Buy-to-let mortgage borrowing outstripped first-time buyers for the first quarter since the crisis, according to new figures from the Bank of England.
New buy-to-let mortgages were 21.1 per cent of all lending in the first quarter, while first-time buying was 16.9 per cent.
Remortgages were 25.3 per cent of all lending, other mortgages made up 34.2 per cent and further advances were 2.6 per cent.
Buy-to-let borrowers took out £13.5bn in the period, while first-time buyers borrowed £10.8bn.
The first quarter of 2015 saw landlords borrow £7.7bn, while first-time buyers took £8.6bn.
The rush of buy-to-let mortgages in the first quarter is the result of trying to beat the March deadline for a stamp duty rise.
Hampshire Trust Bank commercial mortgages managing director Colin Bell says: “We believe buy-to-let lending volumes will continue to increase in 2016 and the reason for this is twofold.
“Firstly, it is becoming more difficult for people to buy their own homes because of rising house prices.

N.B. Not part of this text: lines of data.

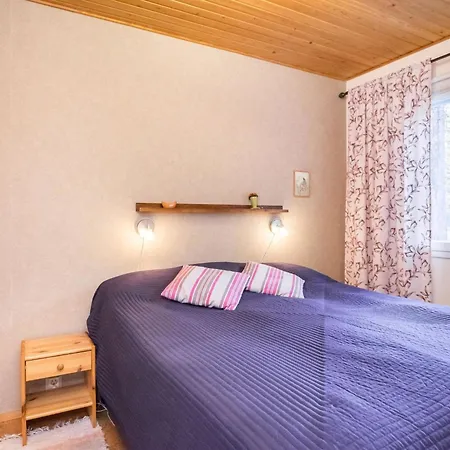 Isokurunpuisto A 2 By Interhome Tatil Evi *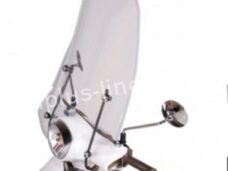 WINDSCHERM ORIGINEEL SYM FIDDLE II HOOG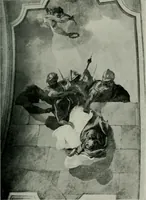 An illustration from Praha barokní (1915)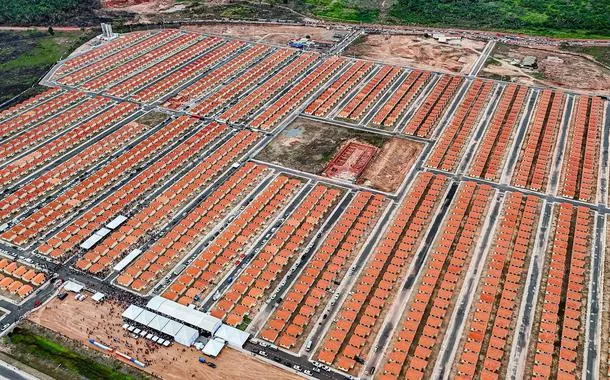 Residências do Minha Casa, Minha Vida, no Maranhão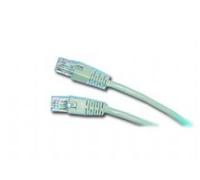 Gembird PP12-0.5M/R 0.5m cable de red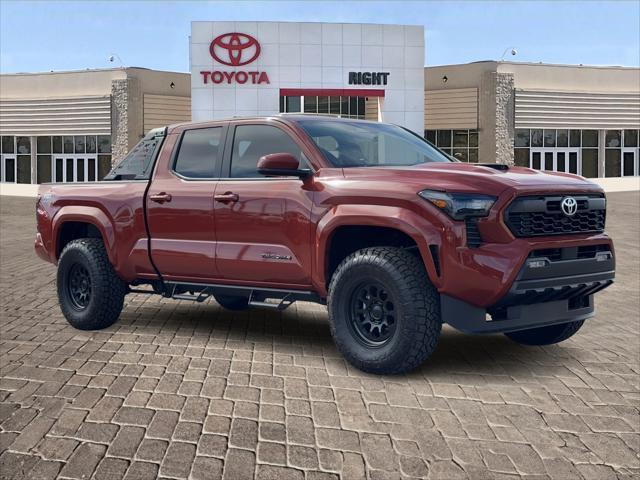new 2025 Toyota Tacoma car, priced at $44,603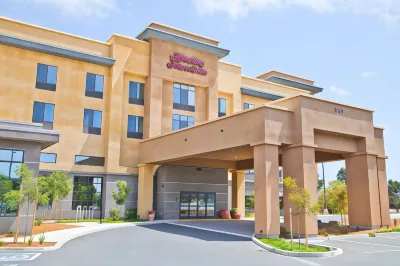 Hampton Inn & Suites Salinas Hotels near Marshalls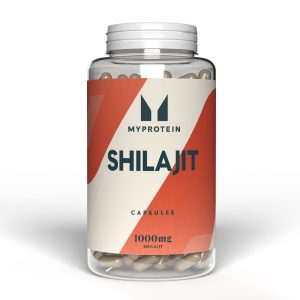 1000mg Shilajit-capsules - 60CAPSULES, 30servings - Naturel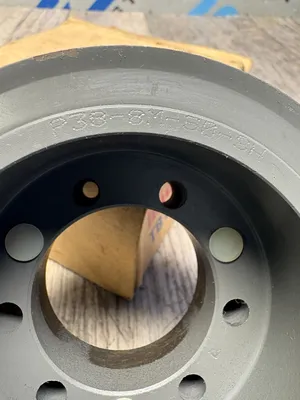 TB WOODS P38-8M-50-SH Electrical/PLC/Automation | ESS Industrial Equipment Sales (4)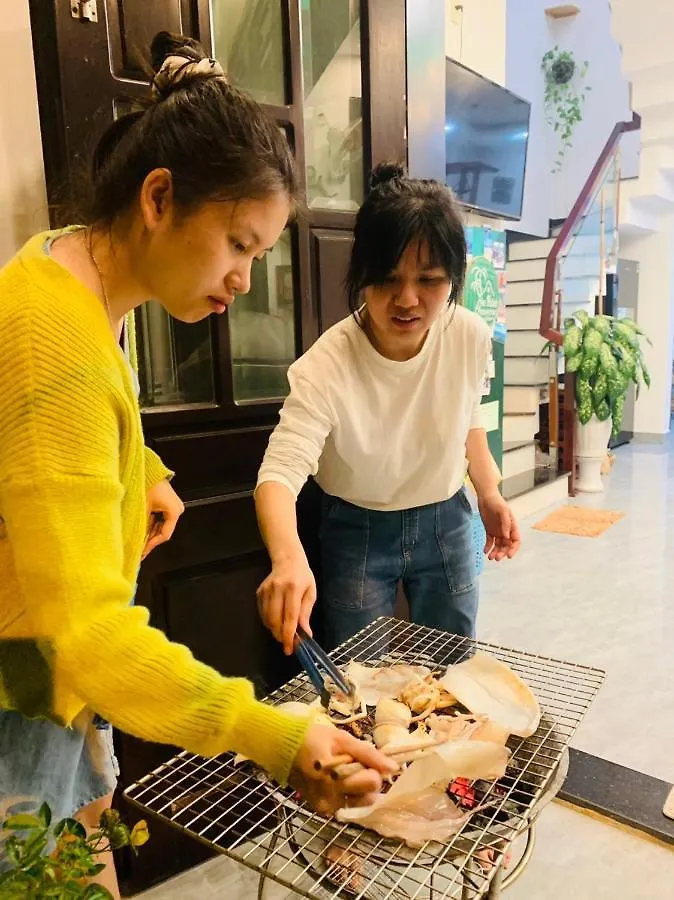 Gia Thanh Homestay Хойан Вьетнам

“At the same time, there is a changing attitude among 20 to 30 year olds, who are becoming a populous of rent not buy, including movies, cars, clothing as well as property. Therefore buy-to-let landlords will become an increasingly important part of the housing market.”
SPF Private Clients chief executive Mark Harris says: “Buy-to-let lending increased substantially as one might expect in the first quarter. However, we expect these numbers to be more subdued in the second quarter as investors brought forward buying decisions from later in the year.”